→ **Problem to work on**
Exact copy required. Repeat the records, but keep the pictures out.

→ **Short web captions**
____________

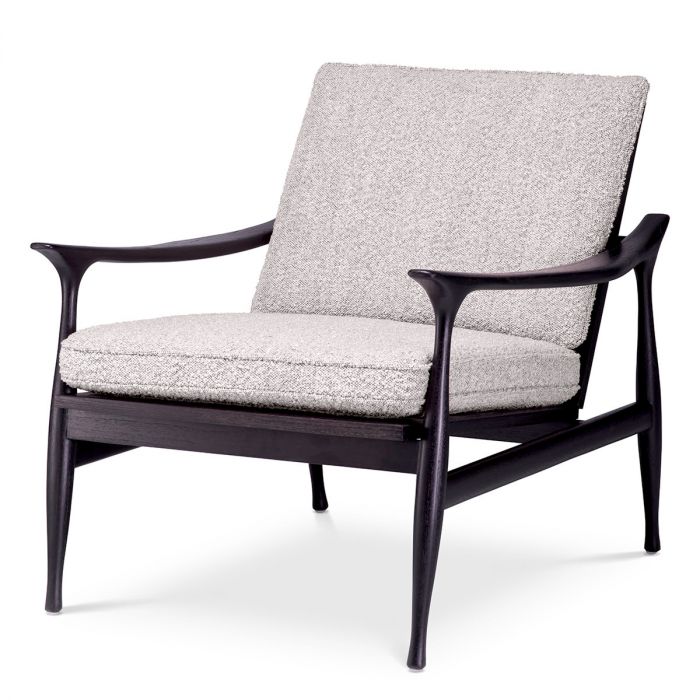 Chair Manzo Classic Black Finish BouclÃ© Grey Including Cushions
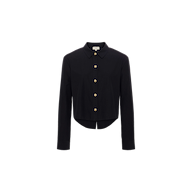 The Cosette Shirt is a black, long-sleeve collared tailored shirt with gold buttons, crafted from a stretch cotton-blend fabric and featuring a cropped length, displayed on a plain white background.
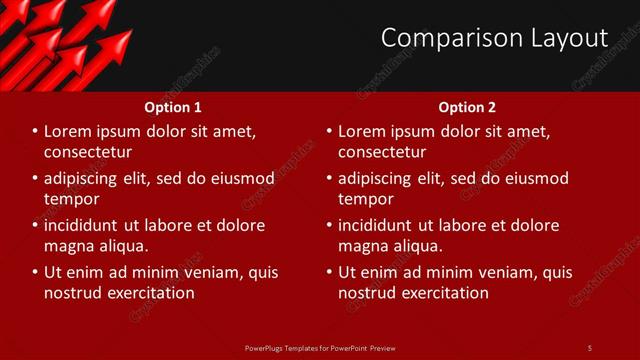 Comparison presentation slide layout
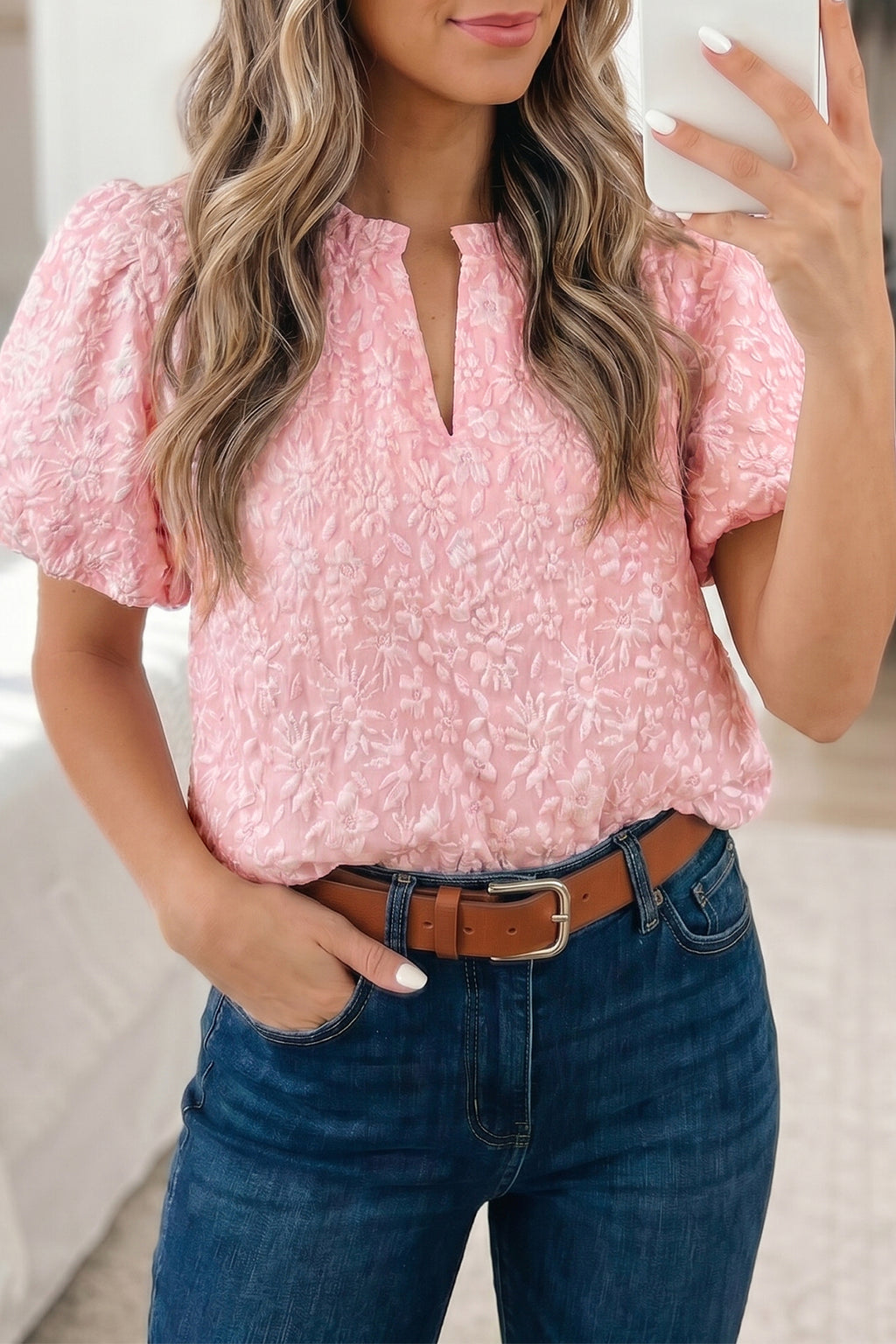 Apricot Pink Floral Textured Jacquard Puff Sleeve Blouse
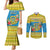 Tuvalu Christmas Couples Matching Mermaid Dress and Long Sleeve Button Shirt Coat Of Arms Manuia Te Kilisimasi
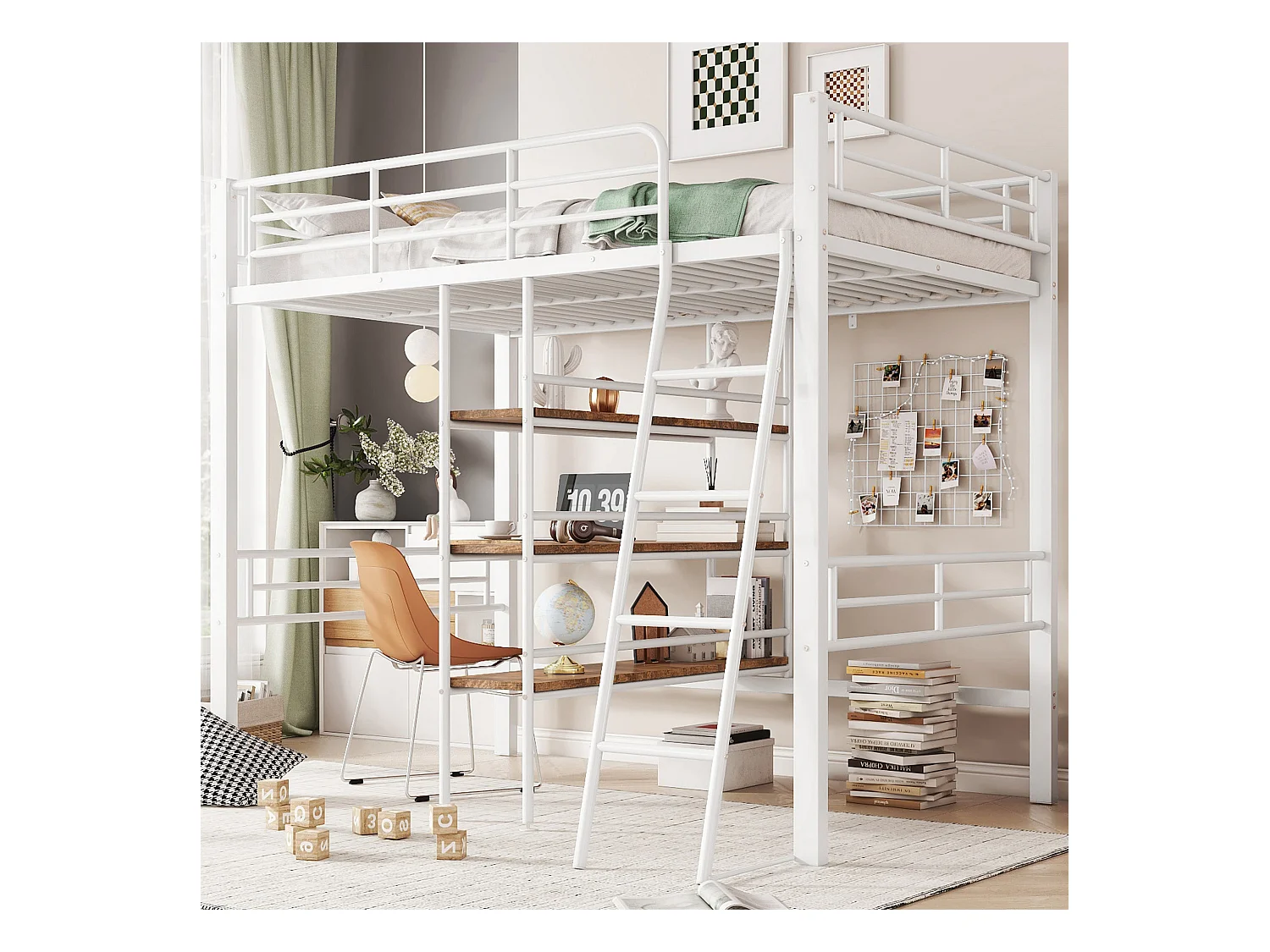 Lit mezzanine 90x200 cm blanc en métal, avec bureau, plusieurs étagères, échelle et garde-corps, sans matelas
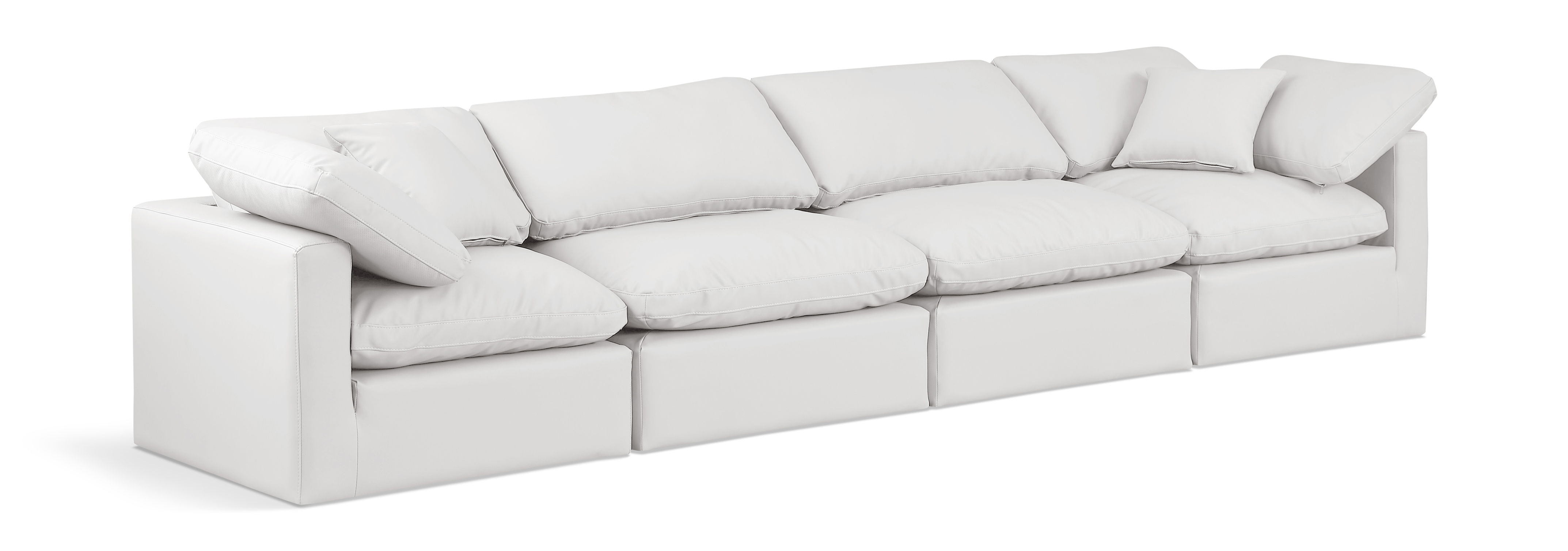 Indulge - Faux Leather 4 Seat Modular Sofa - Cream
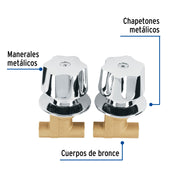 Juego llaves empotrar soldables, maneral metálico, FOSET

____________

→ **Worked solution**
 Chair Manzo Classic Black Finish BouclÃ© Grey Including Cushions
 The Cosette Shirt is a black, long-sleeve collared tailored shirt with gold buttons, crafted from a stretch cotton-blend fabric and featuring a cropped length, displayed on a plain white background.
 Comparison presentation slide layout
 Apricot Pink Floral Textured Jacquard Puff Sleeve Blouse
 Tuvalu Christmas Couples Matching Mermaid Dress and Long Sleeve Button Shirt Coat Of Arms Manuia Te Kilisimasi
 Lit mezzanine 90x200 cm blanc en métal, avec bureau, plusieurs étagères, échelle et garde-corps, sans matelas
 Indulge - Faux Leather 4 Seat Modular Sofa - Cream
 Juego llaves empotrar soldables, maneral metálico, FOSET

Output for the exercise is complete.